Otherwise all extant applications are adjourned to 7 October 2008 at 10:00am for hearing.
IT IS NOTED that publication of this judgment under the pseudonym Child Support Registrar & Meekin is approved pursuant to s.121(9)(g) of the Family Law Act 1975 (Cth).
| FEDERAL MAGISTRATES COURT OF AUSTRALIA AT MELBOURNE |
MLC 10879 of 2007
| CHILD SUPPORT REGISTRAR |
Applicant
And
| MR MEEKIN |
Respondent
REASONS FOR JUDGMENT
Proceedings commenced on 1 October 2007 with the applicant filing an enforcement summons claiming the respondent was indebted to the Commonwealth under sections 30 and 67 of the Child Support (Registration and Collection) Act 1988. Relied upon by the applicant in these proceedings are the following affidavits:
a)Affidavit of Ms U sworn 27 September 2007; and
b)Supplementary Affidavit of Ms U sworn 14 February 2008; and
c)Affidavit of Ms U sworn 3 April 2008; and
d)Affidavit of Ms P sworn 2 June 2008.
Also before the Court and tendered in evidence (Exhibit CSR 1) is a Certificate signed by the Child Support Registrar under s.116(2) of the Child Support (Registration and Collection) Act 1988 (the section 116(2) Certificate). That document certifies that the following amounts totalling $40,789.69 are due and payable by the respondent and remain unpaid as at the 17 day of June 2008 in respect of registered maintenance liabilities:
·Child support debt of $17,526.60
·Plus penalties of $22,981.27
·Plus consolidated revenue debt of $281.82
History
There are two children for whom the respondent has a registered liability with the Child Support Agency. They are [X] born in1986 and [Y] born in 1996.

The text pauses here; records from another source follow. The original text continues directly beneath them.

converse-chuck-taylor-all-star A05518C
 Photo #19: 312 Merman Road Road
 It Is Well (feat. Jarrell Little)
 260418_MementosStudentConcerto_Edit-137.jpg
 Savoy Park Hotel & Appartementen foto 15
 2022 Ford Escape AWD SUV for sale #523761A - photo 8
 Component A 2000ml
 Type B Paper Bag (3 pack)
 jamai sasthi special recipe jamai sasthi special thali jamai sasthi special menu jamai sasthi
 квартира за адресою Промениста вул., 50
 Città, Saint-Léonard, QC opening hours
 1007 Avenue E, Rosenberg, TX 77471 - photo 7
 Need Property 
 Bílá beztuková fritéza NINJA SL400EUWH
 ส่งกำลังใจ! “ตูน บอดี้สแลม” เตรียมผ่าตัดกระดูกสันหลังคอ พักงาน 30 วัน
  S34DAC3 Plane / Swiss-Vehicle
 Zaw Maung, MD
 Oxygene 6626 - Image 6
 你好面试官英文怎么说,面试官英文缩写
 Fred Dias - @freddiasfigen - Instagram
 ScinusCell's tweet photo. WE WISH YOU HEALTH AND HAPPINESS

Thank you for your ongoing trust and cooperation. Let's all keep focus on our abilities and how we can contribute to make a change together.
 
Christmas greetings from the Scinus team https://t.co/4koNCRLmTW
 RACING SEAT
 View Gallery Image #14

The liability for [X] arises from a Stage 1 Court Order in respect of child support payable by the respondent. The liability commenced on 8 August 1990, was registered for collection with the Agency on
8 August 1990and ceased on 27 November 2004. The liability for [Y] arises from a Stage 2 Assessment in respect of child support payable by the respondent. The liability commenced on 27 October 1997 and was registered for collection with the Agency on 27 October 1997.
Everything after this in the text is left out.